Recientemente el Estado nacional ha recortado el presupuesto de la Secretaría de Niñez y Familia, y vemos cómo cíclicamente surgen discursos sociales que ubican a algunos sectores de niñez, adolescencia y juventud como “potencialmente peligrosos”. Nuevamente es incierto el panorama para el resguardo de los derechos de los niños y niñas.
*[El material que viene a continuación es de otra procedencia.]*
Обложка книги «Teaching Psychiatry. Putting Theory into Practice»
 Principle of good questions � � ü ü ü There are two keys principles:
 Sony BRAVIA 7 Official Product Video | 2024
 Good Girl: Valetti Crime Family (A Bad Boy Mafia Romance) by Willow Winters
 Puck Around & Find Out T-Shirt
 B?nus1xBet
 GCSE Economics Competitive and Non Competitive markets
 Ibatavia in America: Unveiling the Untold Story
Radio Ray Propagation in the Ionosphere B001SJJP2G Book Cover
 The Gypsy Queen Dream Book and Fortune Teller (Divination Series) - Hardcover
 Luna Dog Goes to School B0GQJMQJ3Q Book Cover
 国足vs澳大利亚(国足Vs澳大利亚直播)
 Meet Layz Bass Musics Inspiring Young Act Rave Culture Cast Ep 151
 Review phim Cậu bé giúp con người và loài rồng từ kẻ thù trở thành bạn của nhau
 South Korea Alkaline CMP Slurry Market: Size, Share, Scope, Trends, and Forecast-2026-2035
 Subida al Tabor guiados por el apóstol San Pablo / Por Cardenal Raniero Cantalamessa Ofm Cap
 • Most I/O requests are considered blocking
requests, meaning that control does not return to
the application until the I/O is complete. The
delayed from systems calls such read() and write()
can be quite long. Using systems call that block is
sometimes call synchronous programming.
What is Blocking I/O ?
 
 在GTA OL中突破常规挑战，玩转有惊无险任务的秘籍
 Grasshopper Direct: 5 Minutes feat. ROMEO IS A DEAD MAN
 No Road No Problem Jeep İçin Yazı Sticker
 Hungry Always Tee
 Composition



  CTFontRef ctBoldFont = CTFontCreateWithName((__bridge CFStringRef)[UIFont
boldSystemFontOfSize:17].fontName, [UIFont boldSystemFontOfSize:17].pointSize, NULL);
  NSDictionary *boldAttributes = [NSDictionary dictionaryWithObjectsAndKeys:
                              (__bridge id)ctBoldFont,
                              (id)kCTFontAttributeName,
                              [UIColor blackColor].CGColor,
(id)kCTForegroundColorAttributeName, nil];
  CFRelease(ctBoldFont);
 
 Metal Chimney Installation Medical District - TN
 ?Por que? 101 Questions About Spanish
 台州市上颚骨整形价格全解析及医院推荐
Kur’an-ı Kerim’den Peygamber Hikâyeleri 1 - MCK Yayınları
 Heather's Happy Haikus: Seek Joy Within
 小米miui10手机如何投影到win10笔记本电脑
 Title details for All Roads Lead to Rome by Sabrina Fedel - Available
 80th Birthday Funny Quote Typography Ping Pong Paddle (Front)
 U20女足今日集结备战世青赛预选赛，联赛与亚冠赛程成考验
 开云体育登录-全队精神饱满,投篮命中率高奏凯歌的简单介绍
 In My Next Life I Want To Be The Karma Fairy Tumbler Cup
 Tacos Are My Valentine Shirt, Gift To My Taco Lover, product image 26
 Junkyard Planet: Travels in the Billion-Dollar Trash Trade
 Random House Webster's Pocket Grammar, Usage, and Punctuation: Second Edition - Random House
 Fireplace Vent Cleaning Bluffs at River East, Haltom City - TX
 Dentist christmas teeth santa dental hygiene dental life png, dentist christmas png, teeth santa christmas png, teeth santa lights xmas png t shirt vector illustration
Son casi treinta años de la Convención y si bien hemos avanzado en cuanto a la legislación existente, no existe el andamiaje institucional, ni las políticas y programas que la transformen en una realidad concreta para los niños y niñas de nuestro país.
Como país tuvimos la oportunidad para dar el paso de la situación irregular a la protección integral, sin embargo dimos un recorrido en reversa. Durante los últimos años, fuimos de la protección irregular, en la que se intentaba brindar respuestas para el universo total de niños y niñas –aun con muchos al margen–, a la desprotección integral, donde cada vez son más los niños y niñas excluidos de la protección del Estado y librados a su propia suerte.
Nos alarma y mucho este panorama que en el corto plazo no parece tener solución, sino más bien indica que se va a profundizar cada vez más. Como organización experta en derechos de los niños, no dejaremos de interpelar al Estado para que asuma con responsabilidad sus compromisos y no lo lograremos solos, para ello es necesario el compromiso de toda la sociedad. Los niños no deben ser postergados porque así lo indica la Convención. Lo niños no pueden esperar más.

*Directora Nacional de Aldeas Infantiles SOS Argentina.